Understanding how Linear Dynamical Model works in numpyro

abukva · March 11, 2024, 12:31pm

Hi all, I am trying to write a simple Linear Dynamical Model following Bishops definition (Chapter 13.3). In order to understand how to LDM works I first wanted to generate some toy data that I would know the parameters of and then try to predict them.

N_points = 500
A = 0.2
G = 0.5
C = 0.9
S = 1
mu0 = 0
V0 = 1

rng_key_toy_data = random.PRNGKey(33)
rng_key_toy_data, _ = random.split(rng_key_toy_data)

z1 = mu0 + random.normal(rng_key_toy_data) * V0

xs = []

z_prev = z1

for i in range(N_points):
    rng_key_toy_data, _ = random.split(rng_key_toy_data)
    z_t = random.normal(rng_key_toy_data) * G + z_prev * A
    
    rng_key_toy_data, _ = random.split(rng_key_toy_data)
    x_t = random.normal(rng_key_toy_data) * S + z_t * C
    z_prev = z_t
    xs += [x_t]
xs = jnp.array(xs)

So here I have toy data that looks like this:

So far so good. Now I proceed to creating a model:

def modelToy(obs_data = None):
    L = obs_data.shape[0]
    
    # priors for parameteres
    A = numpyro.sample("A", dist.Normal(1, 1))
    C = numpyro.sample("C", dist.Normal(1, 1))
    
    G = numpyro.sample("G", FoldedStudentT(4, 0.1))
    S = numpyro.sample("S", FoldedStudentT(4, 0.1))
    
    V0 = numpyro.sample("V0", FoldedStudentT(4, 0.1))
    mu0 = numpyro.sample("mu0", dist.Normal(0, 1))
    sigma = numpyro.sample("sigma", FoldedStudentT(4, np.std(obs_data)))
    
    #initial z value
    z1 = numpyro.sample('z1', dist.Normal(mu0, V0))
    
    def chain(z_prev, _):
        z_t = numpyro.sample('z', dist.Normal(A*z_prev, G))
        x_t = numpyro.sample('xt', dist.Normal(C*z_t, S))
        return z_t, x_t
    
    _, x = scan(chain, z1, jnp.arange(L), length=L)
    numpyro.deterministic('x', x)
    
    numpyro.sample("obs", dist.Normal(x, sigma), obs=obs_data)

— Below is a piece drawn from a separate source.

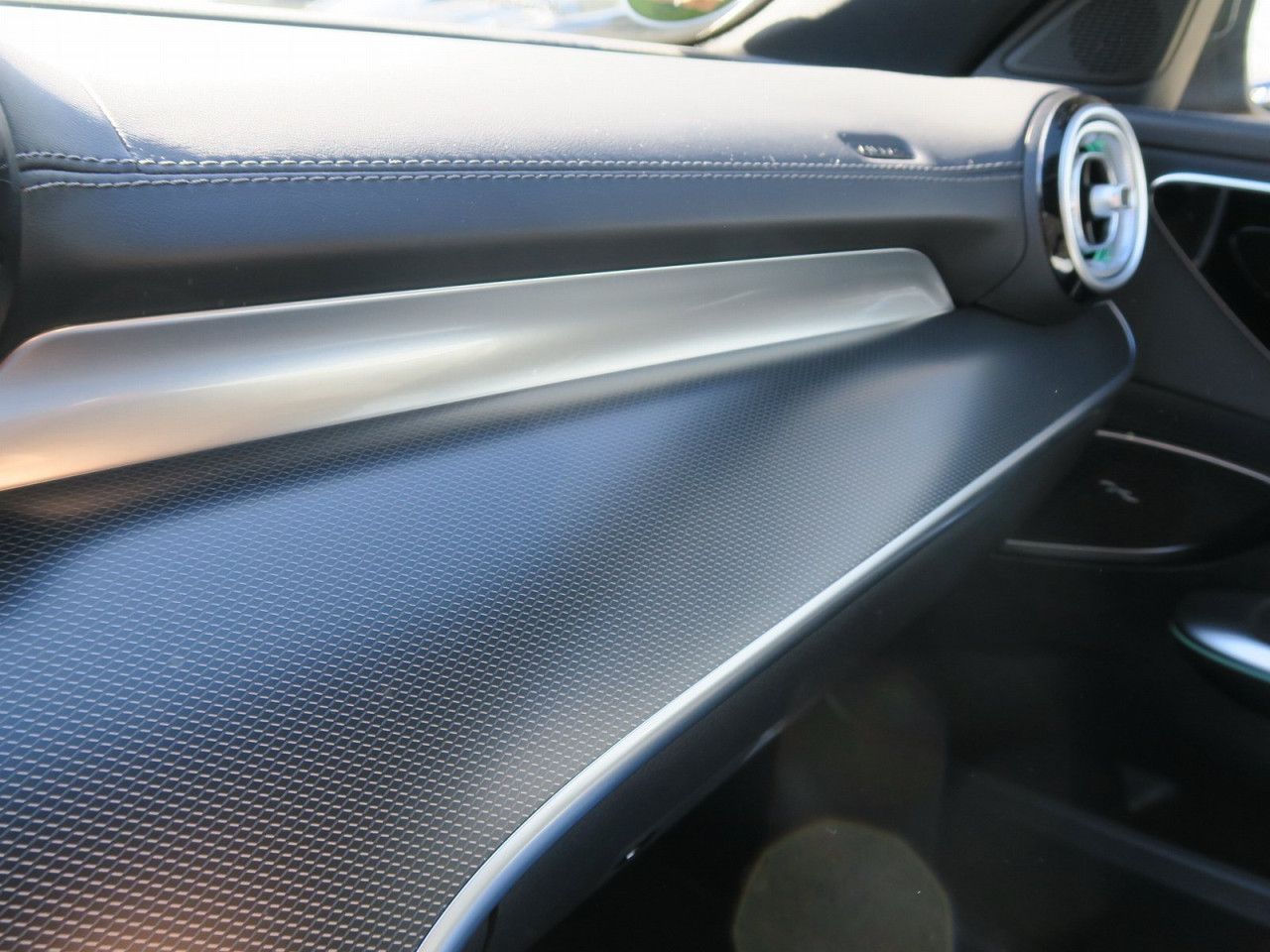 Mercedes-Benz C-Klasse – Bild 17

Here I was trying to follow hmm example. Now I run it:

rng_key = random.PRNGKey(0)
rng_key, rng_key_ = random.split(rng_key)

mcmc = MCMC(NUTS(model=modelToy, adapt_step_size=True, step_size=1e-2), 
            num_samples=2000, 
            num_warmup=10000, 
            num_chains=4)

Now I want to see how posteriors look like and this is where I notice discrepancy:

As it can be seen all parameters have very huge variance and appear bimodal (which I am not sure where it’s coming from, taking into account that I have modeled data). Initially I thought that maybe warm-up phase is not long enough, so I tried increasing it, but nothing changed much. Any suggestions what am I doing wrong?

fehiepsi · March 12, 2024, 12:11am

I’m not sure how it is define but it could be that your prior is so strong.

abukva · March 12, 2024, 9:44am

Oh sorry my bad

def FoldedStudentT(df, loc=0, scale=1.0):
    return dist.FoldedDistribution(dist.StudentT(df, loc=loc, scale=scale))

I don’t think this is too restrictive prior, I also tried increasing scale here, but the result didn’t differ much.

fehiepsi · March 12, 2024, 1:03pm

If priors are not informative, you can look at likelihood of the data per each mcmc sample. Then compare with the likelihood of the ground truth parameters.

If priors are informative, you can look at potential energy of the samples and compare them with the true value.

abukva · March 12, 2024, 4:10pm

Thank, but beside priors being inappropriate is there anything else wrong in my approach?

fehiepsi · March 12, 2024, 11:00pm

Your model looks reasonable to me.

abukva · March 13, 2024, 8:35am

Thanks, I will try first for simplicity fixing all parameters except one and try to see how posteriors look like. Building from simplest to the full model.